**Your task:** Within the data below, copy each line where the string "Summer" is found.

+++ Data supplied +++

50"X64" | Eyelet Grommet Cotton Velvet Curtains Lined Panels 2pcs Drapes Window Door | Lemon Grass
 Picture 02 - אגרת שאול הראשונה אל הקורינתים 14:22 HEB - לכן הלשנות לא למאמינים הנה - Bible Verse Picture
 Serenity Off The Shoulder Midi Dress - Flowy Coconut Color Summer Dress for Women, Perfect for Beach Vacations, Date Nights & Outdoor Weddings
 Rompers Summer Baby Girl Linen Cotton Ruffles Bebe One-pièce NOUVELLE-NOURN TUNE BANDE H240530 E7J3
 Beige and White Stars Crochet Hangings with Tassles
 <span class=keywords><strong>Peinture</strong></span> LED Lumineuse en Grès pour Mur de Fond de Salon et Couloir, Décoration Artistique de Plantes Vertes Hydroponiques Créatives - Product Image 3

+++

**Answer section:**
 Serenity Off The Shoulder Midi Dress - Flowy Coconut Color Summer Dress for Women, Perfect for Beach Vacations, Date Nights & Outdoor Weddings
 Rompers Summer Baby Girl Linen Cotton Ruffles Bebe One-pièce NOUVELLE-NOURN TUNE BANDE H240530 E7J3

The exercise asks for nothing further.